■ TASK INSTRUCTIONS ■
In the records below, repeat word for word only the lines starting at the one that contains "Leistung von Uitndvyte" and ending at the one that contains "ARCANA BOX DNA60C - Arcana Mods x Pipeline", pictures excluded.

■ EXTRACTED DATA ■
========================================

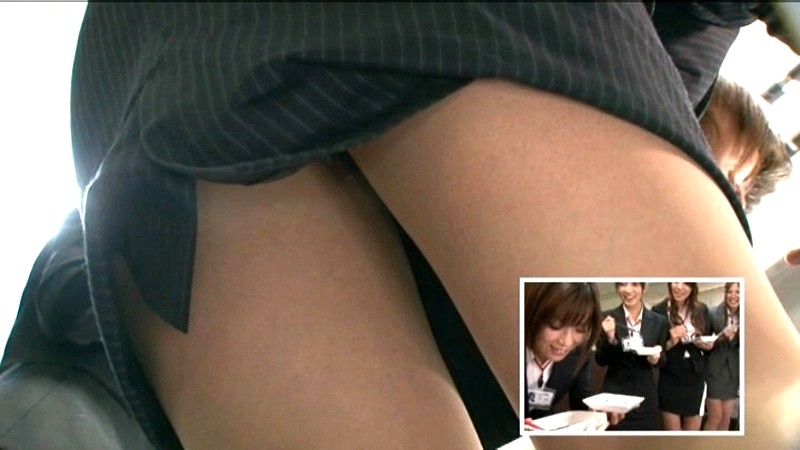 SDMT-397 Part 2 - 36 minutes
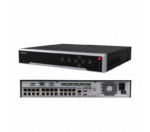 Hikvision DS-7732NI-M4/24P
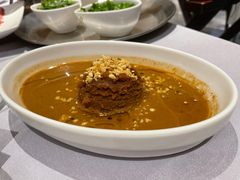 -鼎鼎香·港式火锅(北京SKP店)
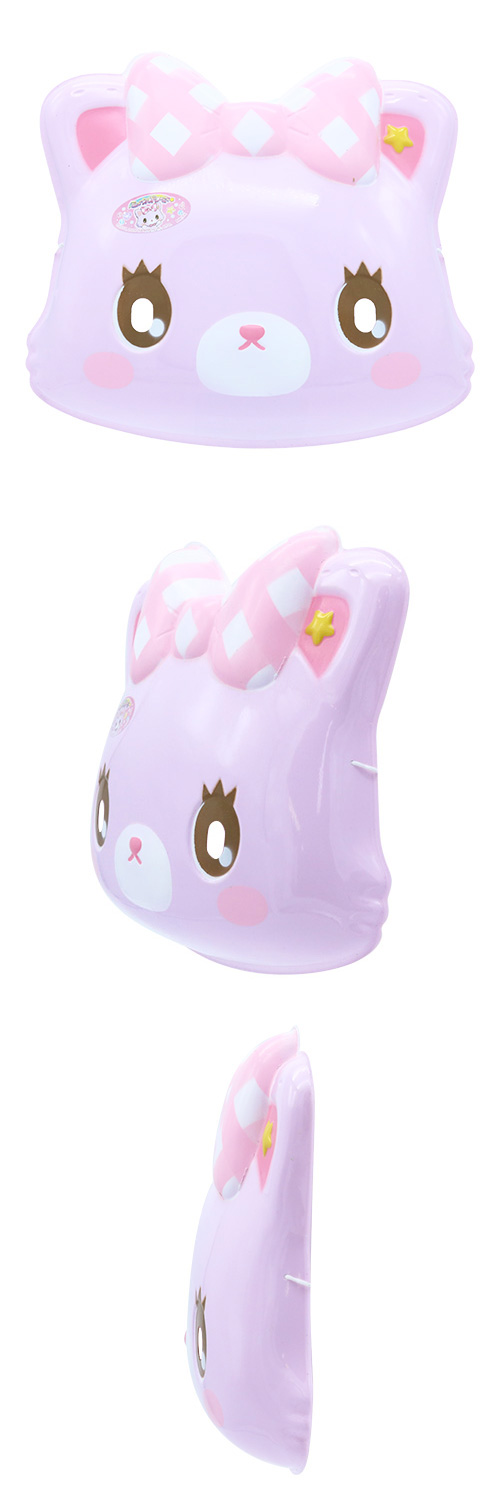 䢣̡ߥ塼ɥ꡼ߡ ߤ塼ITOOM64179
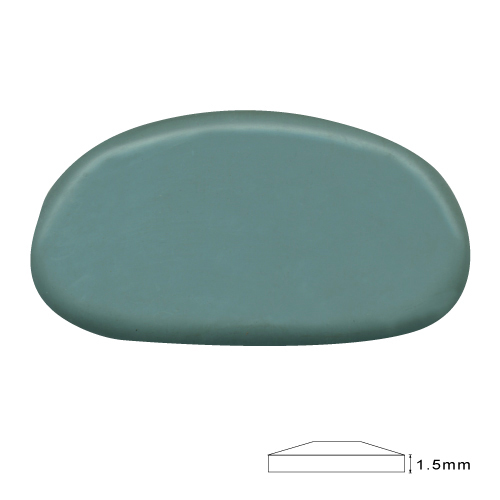 PR0803  |Products|Pottery Tools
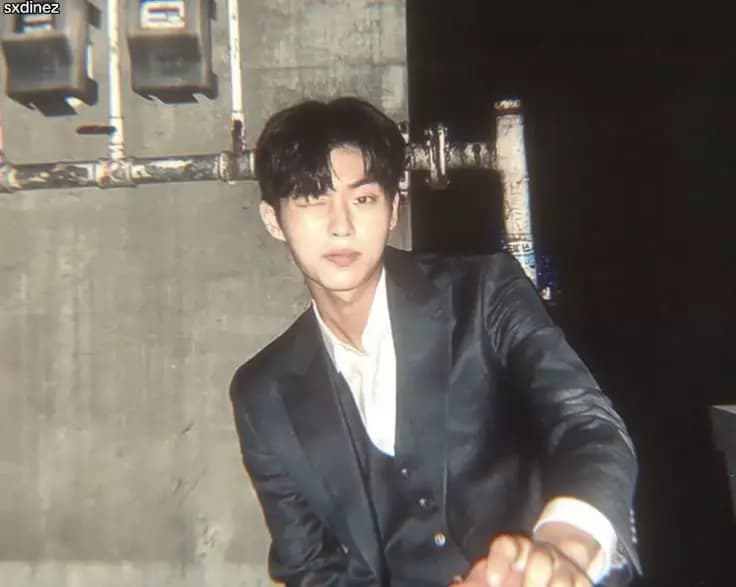 Choi hyunwook thumbnail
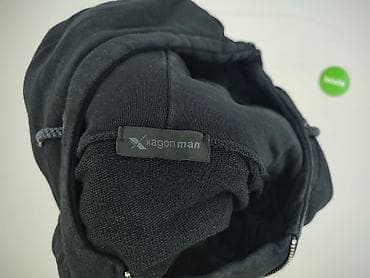 michael koszule: Bluza z kapturem damska, rozmiar XL — 4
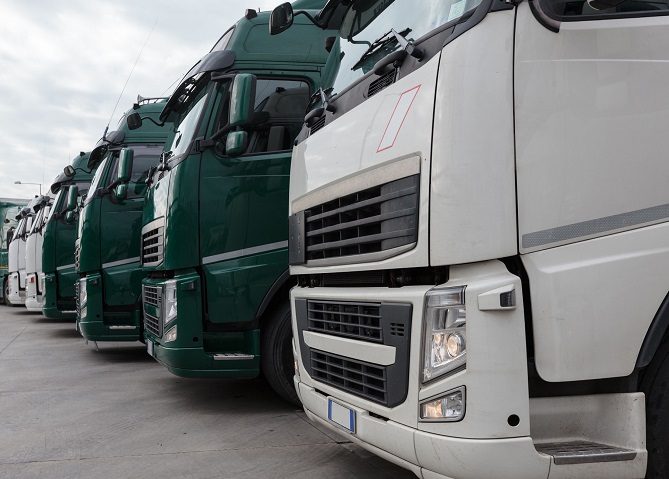 BCR vrea să găsească un investitor pentru divizia de leasing operațional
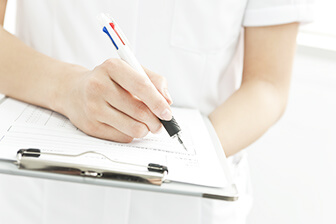 General Dermatology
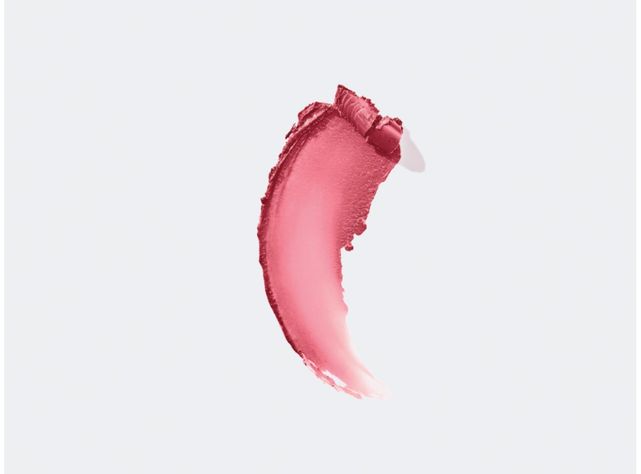 Labial Almost Lipstick Pink Honey 1.9g Clinique-1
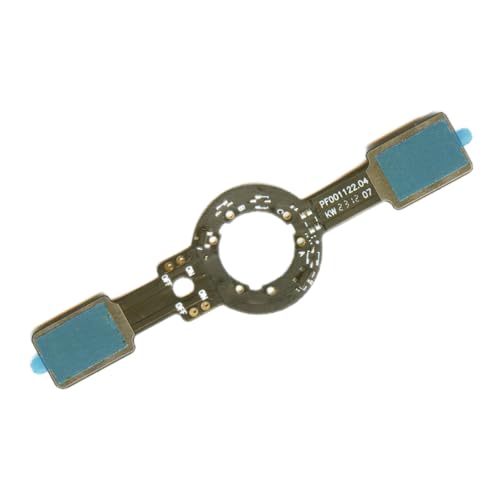 Ersatzkabel für Flachmotor, Metall, flexibles Kabel, UAV 3 PTZ, stabile Leistung Ersatzkabel für Flachmotor, Metall, flexibles Kabel, UAV 3 PTZ, stabile Leistung von Uitndvyte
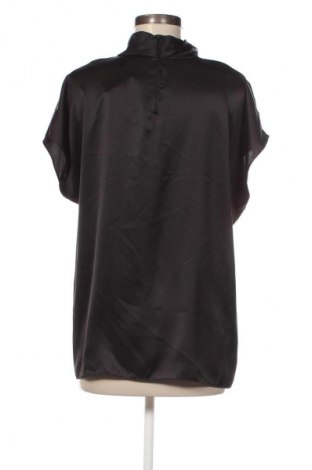 Bluză de femei Hermann Lange, Mărime XL, Culoare Negru, Preț 91,99 Lei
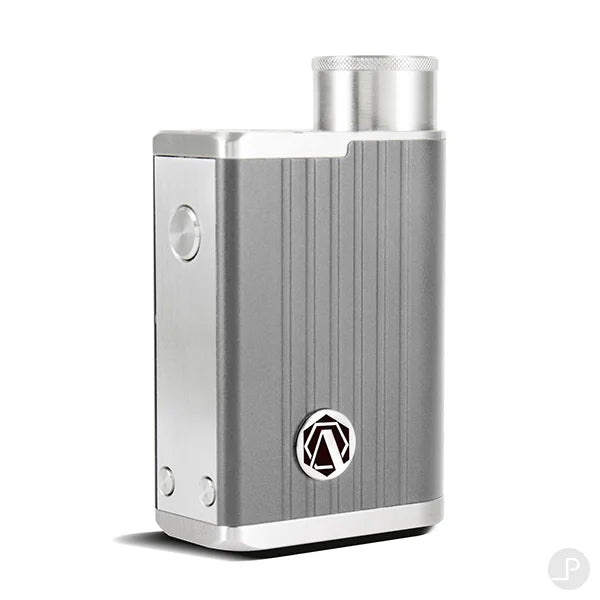 ARCANA BOX DNA60C - Arcana Mods x Pipeline
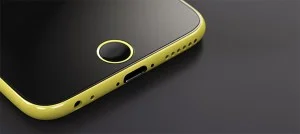 iPhone 6c kılıfları bir sitede görüntülendi! 15 iphone 6c on yuzey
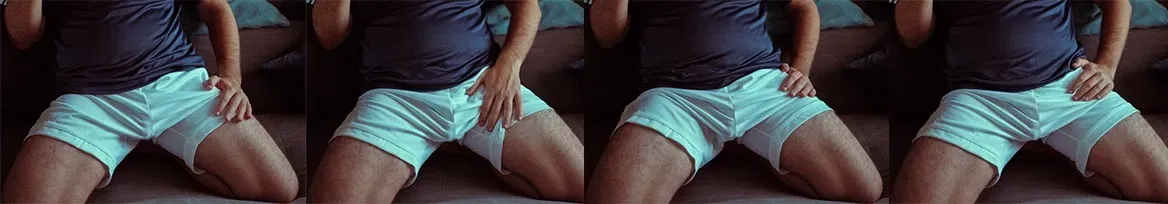 OnlyFans cuenta the_spencer_adams header 2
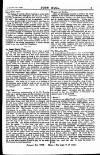 John Bull Saturday 01 January 1916 Page 9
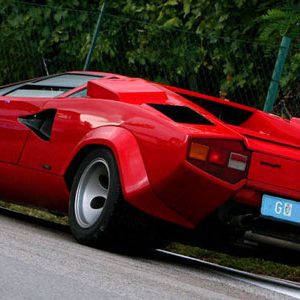 خودروهایی که پس از طراحی مجدد زشت شدند!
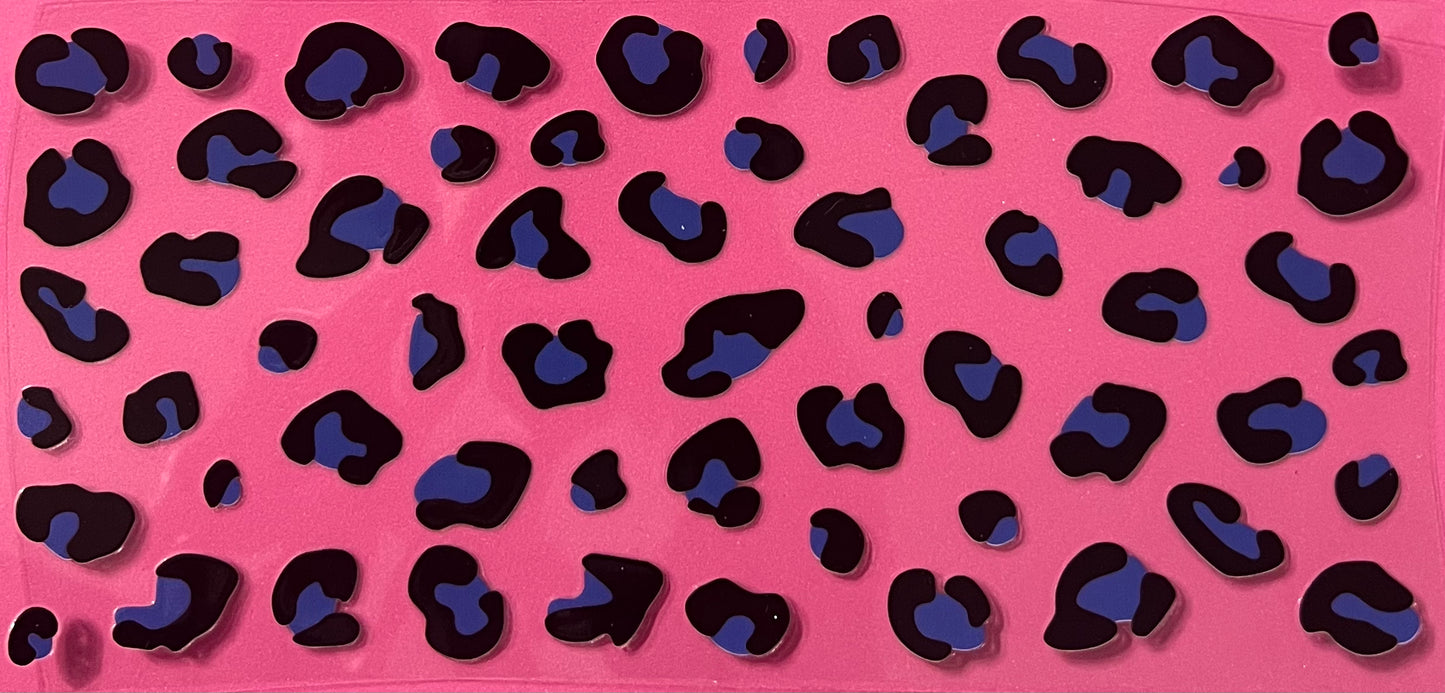 Prints3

========================================

■ RESPONSE TO THIS TASK ■
 Ersatzkabel für Flachmotor, Metall, flexibles Kabel, UAV 3 PTZ, stabile Leistung Ersatzkabel für Flachmotor, Metall, flexibles Kabel, UAV 3 PTZ, stabile Leistung von Uitndvyte
 Bluză de femei Hermann Lange, Mărime XL, Culoare Negru, Preț 91,99 Lei
 ARCANA BOX DNA60C - Arcana Mods x Pipeline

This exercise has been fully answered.